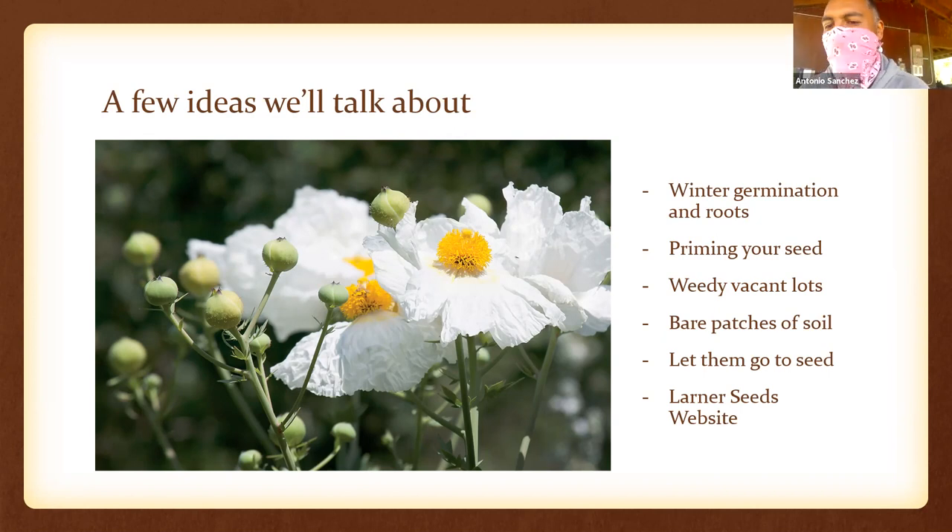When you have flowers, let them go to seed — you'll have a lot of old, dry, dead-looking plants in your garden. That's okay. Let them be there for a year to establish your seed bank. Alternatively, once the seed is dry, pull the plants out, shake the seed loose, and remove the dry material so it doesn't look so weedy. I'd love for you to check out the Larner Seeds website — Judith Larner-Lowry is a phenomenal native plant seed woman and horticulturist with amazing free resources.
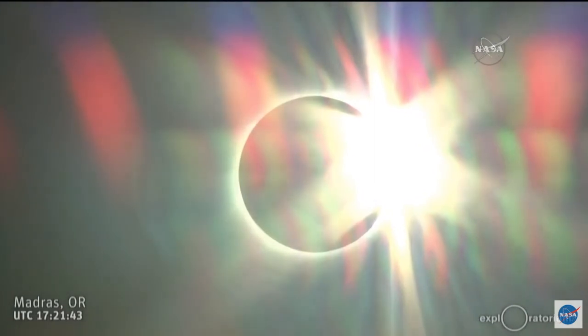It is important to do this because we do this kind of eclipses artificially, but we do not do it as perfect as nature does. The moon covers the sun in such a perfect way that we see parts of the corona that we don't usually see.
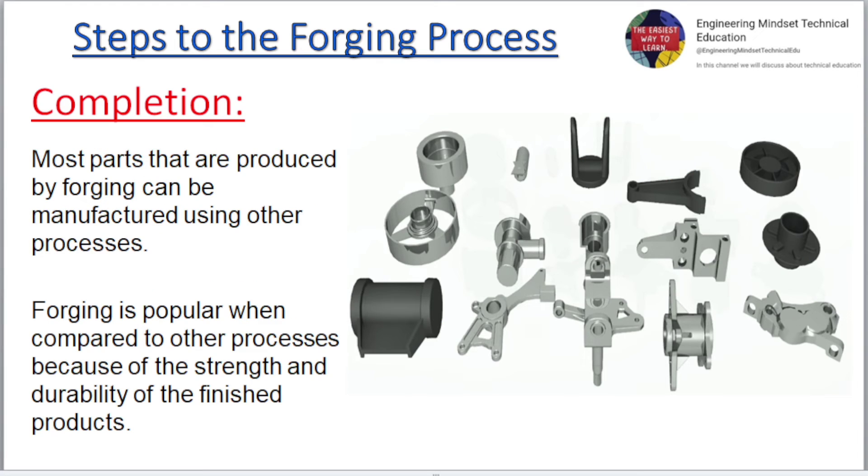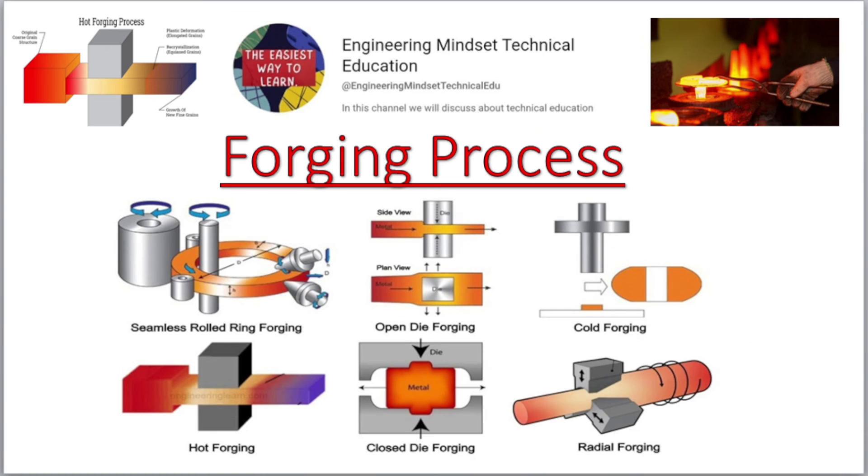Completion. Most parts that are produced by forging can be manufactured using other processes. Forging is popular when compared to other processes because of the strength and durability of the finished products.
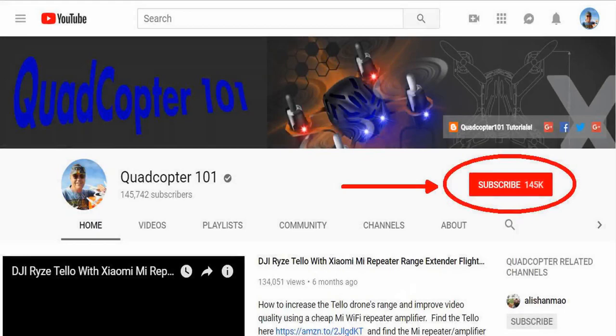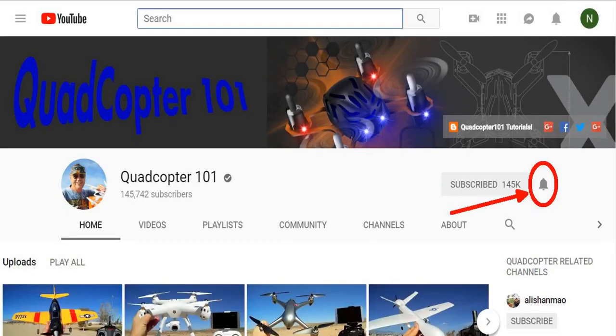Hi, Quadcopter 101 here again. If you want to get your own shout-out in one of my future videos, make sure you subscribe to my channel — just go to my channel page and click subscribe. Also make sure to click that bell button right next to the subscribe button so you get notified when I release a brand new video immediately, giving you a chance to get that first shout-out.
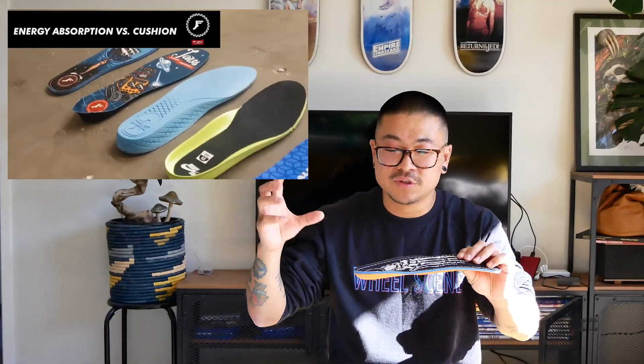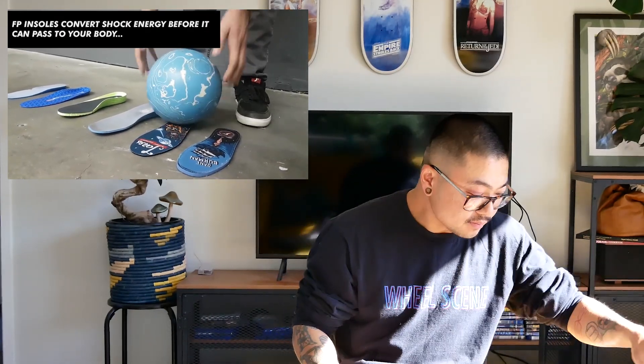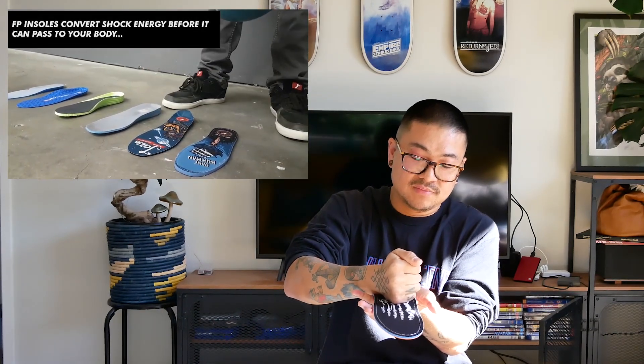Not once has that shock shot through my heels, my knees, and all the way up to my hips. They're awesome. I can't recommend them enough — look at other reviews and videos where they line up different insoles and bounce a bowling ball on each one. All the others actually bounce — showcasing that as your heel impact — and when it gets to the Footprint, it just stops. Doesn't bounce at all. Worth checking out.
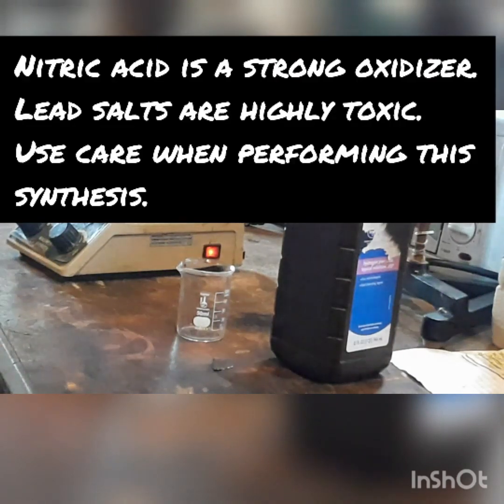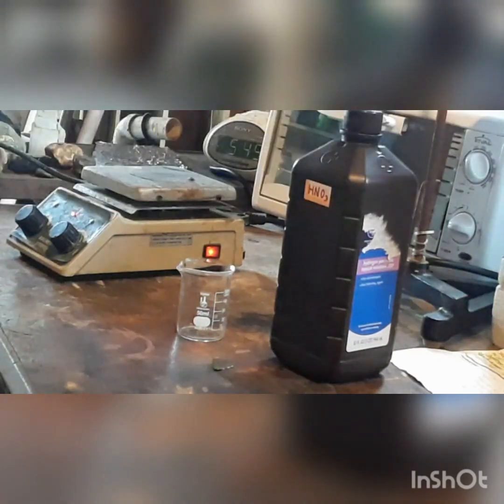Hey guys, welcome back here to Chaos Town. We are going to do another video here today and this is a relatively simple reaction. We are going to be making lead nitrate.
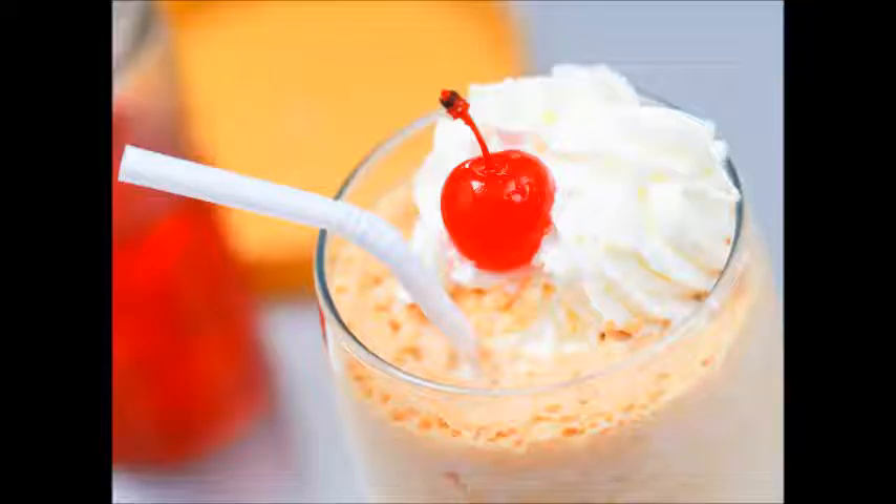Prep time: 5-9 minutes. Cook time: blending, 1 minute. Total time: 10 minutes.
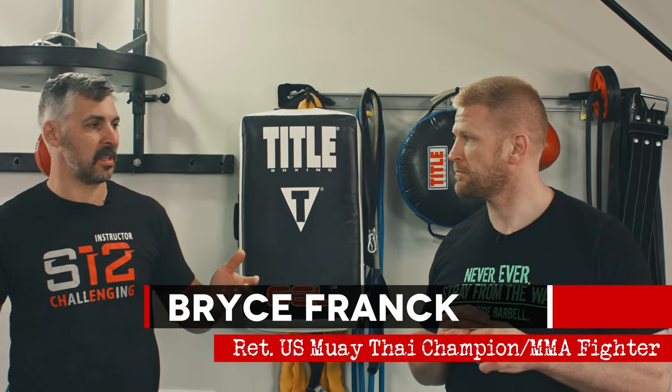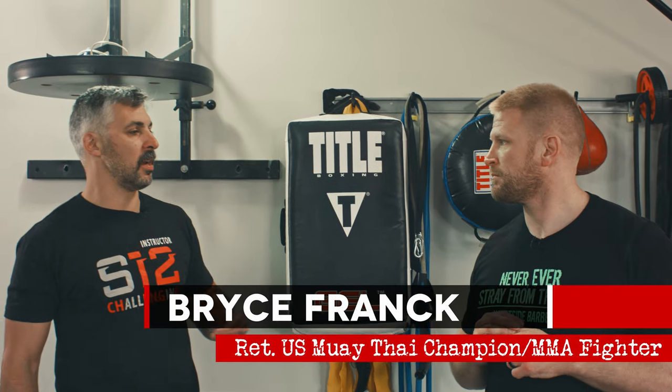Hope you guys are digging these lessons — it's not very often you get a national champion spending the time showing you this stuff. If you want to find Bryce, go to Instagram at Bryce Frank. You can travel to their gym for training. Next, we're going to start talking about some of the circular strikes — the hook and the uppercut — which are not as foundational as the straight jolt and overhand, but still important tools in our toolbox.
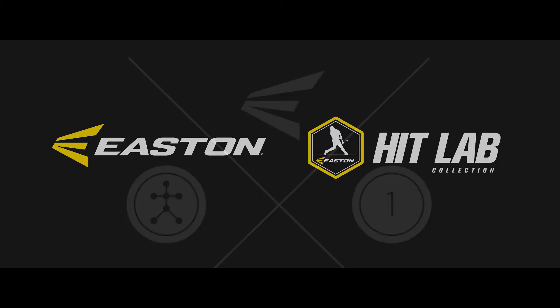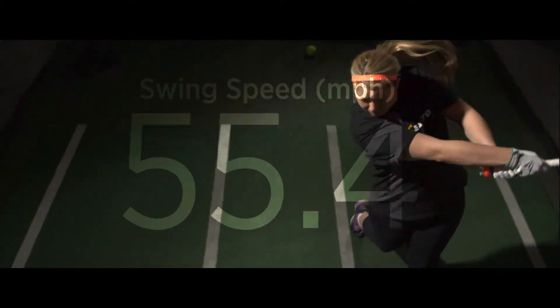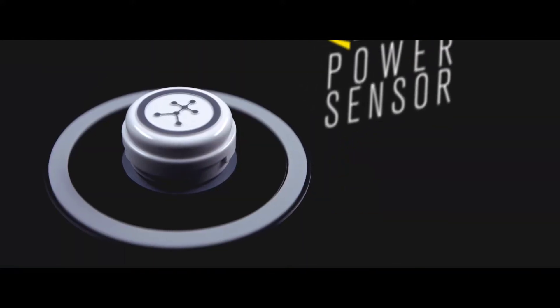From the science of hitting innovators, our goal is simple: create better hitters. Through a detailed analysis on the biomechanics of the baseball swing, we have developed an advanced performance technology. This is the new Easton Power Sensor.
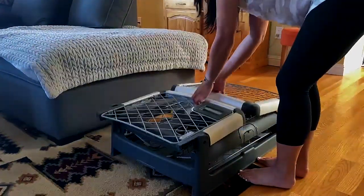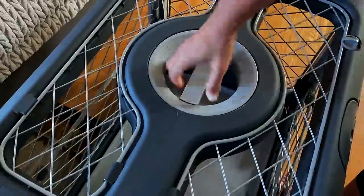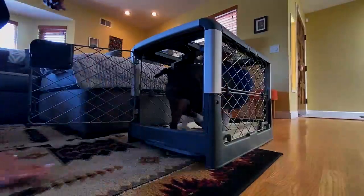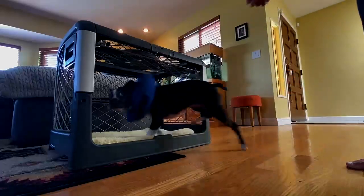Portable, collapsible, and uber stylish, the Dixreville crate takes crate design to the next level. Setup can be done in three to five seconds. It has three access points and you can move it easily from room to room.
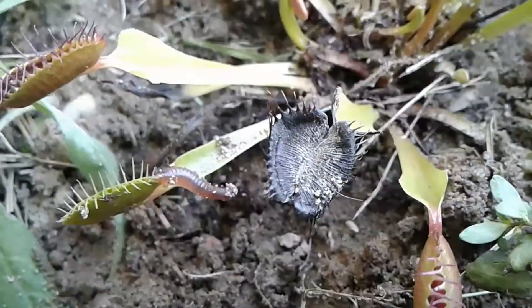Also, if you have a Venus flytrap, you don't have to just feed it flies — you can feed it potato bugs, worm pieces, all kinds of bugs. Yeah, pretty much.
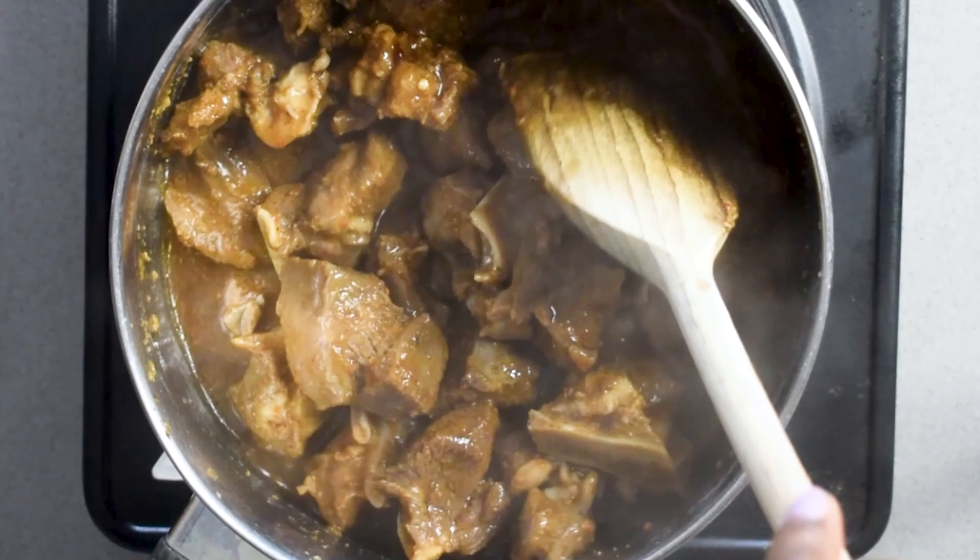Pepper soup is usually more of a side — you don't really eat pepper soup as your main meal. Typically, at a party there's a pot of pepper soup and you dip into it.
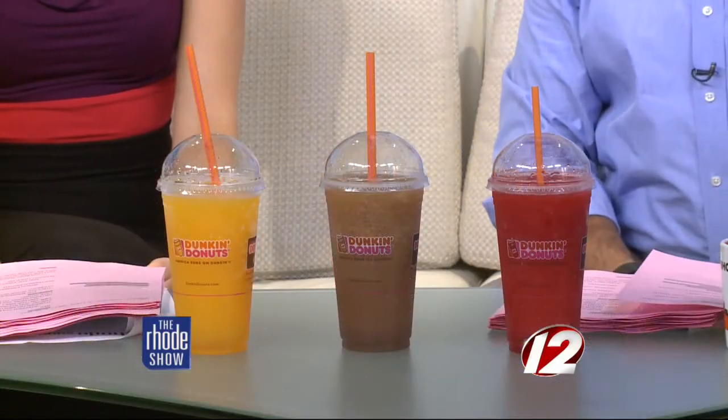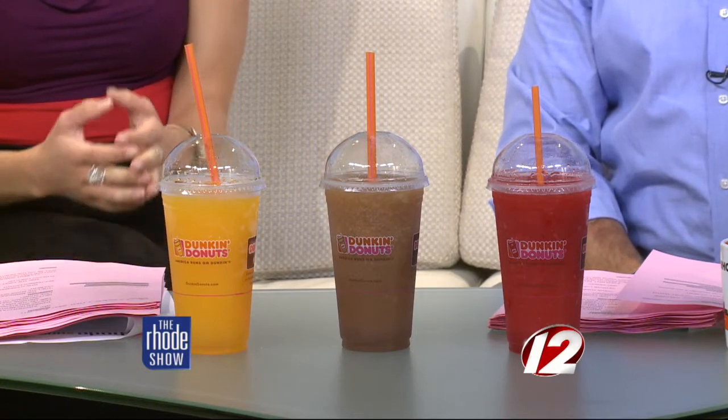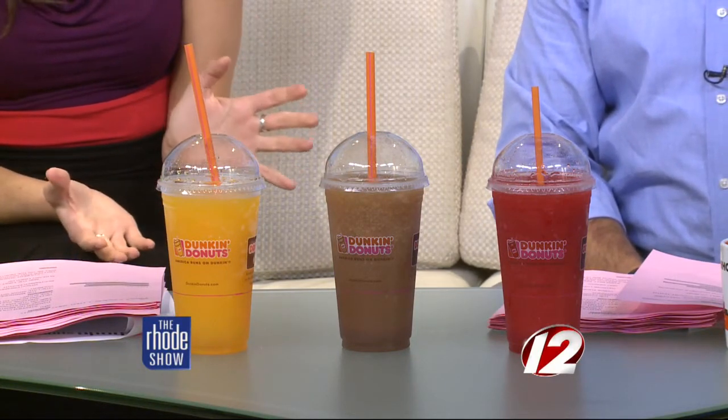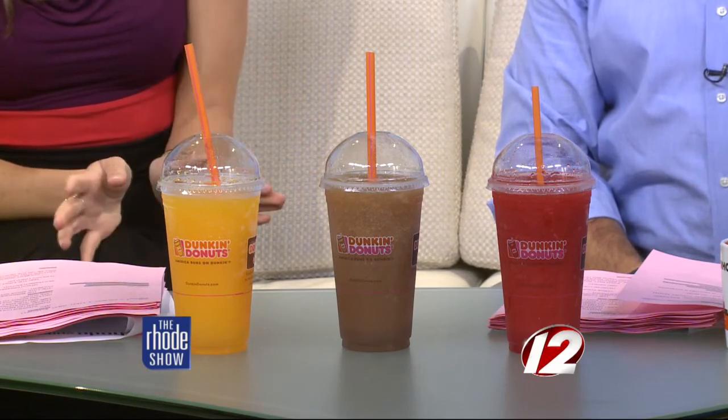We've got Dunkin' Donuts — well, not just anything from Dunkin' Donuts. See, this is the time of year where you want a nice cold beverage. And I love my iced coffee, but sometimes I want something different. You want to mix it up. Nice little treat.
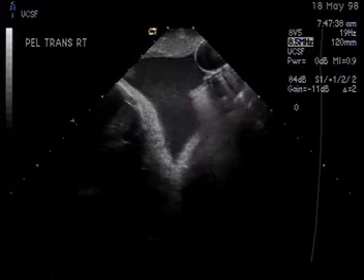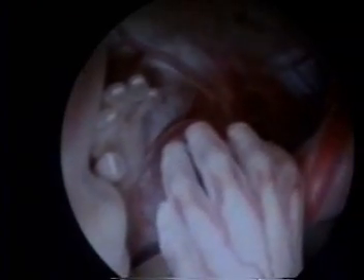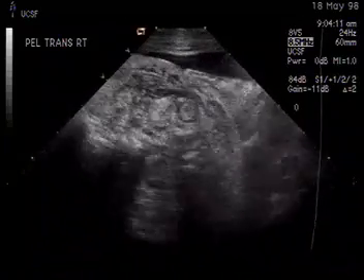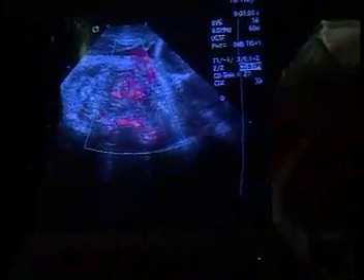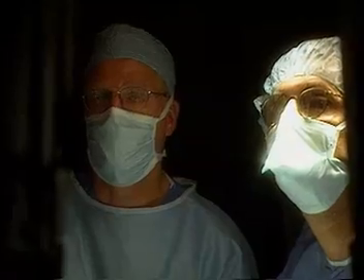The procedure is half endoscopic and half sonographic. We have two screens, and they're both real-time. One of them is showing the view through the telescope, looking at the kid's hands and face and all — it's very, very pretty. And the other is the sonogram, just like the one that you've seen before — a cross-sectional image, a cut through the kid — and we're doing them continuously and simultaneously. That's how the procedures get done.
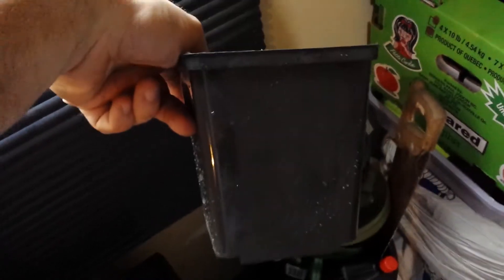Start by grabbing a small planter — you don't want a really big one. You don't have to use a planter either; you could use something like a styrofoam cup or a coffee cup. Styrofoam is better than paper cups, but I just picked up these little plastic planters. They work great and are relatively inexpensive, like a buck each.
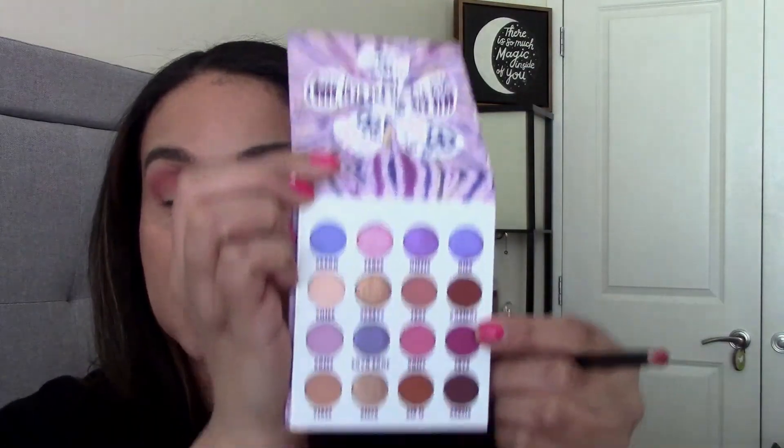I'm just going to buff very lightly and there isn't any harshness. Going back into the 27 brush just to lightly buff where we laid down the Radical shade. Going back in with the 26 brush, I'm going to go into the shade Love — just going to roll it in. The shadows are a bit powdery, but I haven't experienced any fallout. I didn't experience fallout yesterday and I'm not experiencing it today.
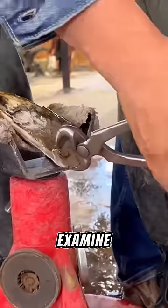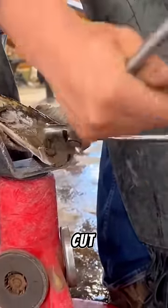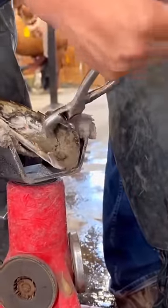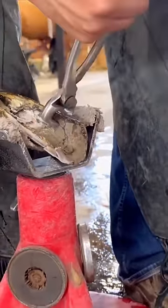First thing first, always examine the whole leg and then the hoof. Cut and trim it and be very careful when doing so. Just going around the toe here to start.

Exercise instructions —
Give the entries again exactly, but skip every image.

Response box —
When you have flowers, let them go to seed — you'll have a lot of old, dry, dead-looking plants in your garden. That's okay. Let them be there for a year to establish your seed bank. Alternatively, once the seed is dry, pull the plants out, shake the seed loose, and remove the dry material so it doesn't look so weedy. I'd love for you to check out the Larner Seeds website — Judith Larner-Lowry is a phenomenal native plant seed woman and horticulturist with amazing free resources.
It is important to do this because we do this kind of eclipses artificially, but we do not do it as perfect as nature does. The moon covers the sun in such a perfect way that we see parts of the corona that we don't usually see.
Completion. Most parts that are produced by forging can be manufactured using other processes. Forging is popular when compared to other processes because of the strength and durability of the finished products.
Hi, Quadcopter 101 here again. If you want to get your own shout-out in one of my future videos, make sure you subscribe to my channel — just go to my channel page and click subscribe. Also make sure to click that bell button right next to the subscribe button so you get notified when I release a brand new video immediately, giving you a chance to get that first shout-out.
Not once has that shock shot through my heels, my knees, and all the way up to my hips. They're awesome. I can't recommend them enough — look at other reviews and videos where they line up different insoles and bounce a bowling ball on each one. All the others actually bounce — showcasing that as your heel impact — and when it gets to the Footprint, it just stops. Doesn't bounce at all. Worth checking out.
Hey guys, welcome back here to Chaos Town. We are going to do another video here today and this is a relatively simple reaction. We are going to be making lead nitrate.
Prep time: 5-9 minutes. Cook time: blending, 1 minute. Total time: 10 minutes.
Hope you guys are digging these lessons — it's not very often you get a national champion spending the time showing you this stuff. If you want to find Bryce, go to Instagram at Bryce Frank. You can travel to their gym for training. Next, we're going to start talking about some of the circular strikes — the hook and the uppercut — which are not as foundational as the straight jolt and overhand, but still important tools in our toolbox.
From the science of hitting innovators, our goal is simple: create better hitters. Through a detailed analysis on the biomechanics of the baseball swing, we have developed an advanced performance technology. This is the new Easton Power Sensor.
Portable, collapsible, and uber stylish, the Dixreville crate takes crate design to the next level. Setup can be done in three to five seconds. It has three access points and you can move it easily from room to room.
Also, if you have a Venus flytrap, you don't have to just feed it flies — you can feed it potato bugs, worm pieces, all kinds of bugs. Yeah, pretty much.
Pepper soup is usually more of a side — you don't really eat pepper soup as your main meal. Typically, at a party there's a pot of pepper soup and you dip into it.
We've got Dunkin' Donuts — well, not just anything from Dunkin' Donuts. See, this is the time of year where you want a nice cold beverage. And I love my iced coffee, but sometimes I want something different. You want to mix it up. Nice little treat.
The procedure is half endoscopic and half sonographic. We have two screens, and they're both real-time. One of them is showing the view through the telescope, looking at the kid's hands and face and all — it's very, very pretty. And the other is the sonogram, just like the one that you've seen before — a cross-sectional image, a cut through the kid — and we're doing them continuously and simultaneously. That's how the procedures get done.
Start by grabbing a small planter — you don't want a really big one. You don't have to use a planter either; you could use something like a styrofoam cup or a coffee cup. Styrofoam is better than paper cups, but I just picked up these little plastic planters. They work great and are relatively inexpensive, like a buck each.
I'm just going to buff very lightly and there isn't any harshness. Going back into the 27 brush just to lightly buff where we laid down the Radical shade. Going back in with the 26 brush, I'm going to go into the shade Love — just going to roll it in. The shadows are a bit powdery, but I haven't experienced any fallout. I didn't experience fallout yesterday and I'm not experiencing it today.
First thing first, always examine the whole leg and then the hoof. Cut and trim it and be very careful when doing so. Just going around the toe here to start.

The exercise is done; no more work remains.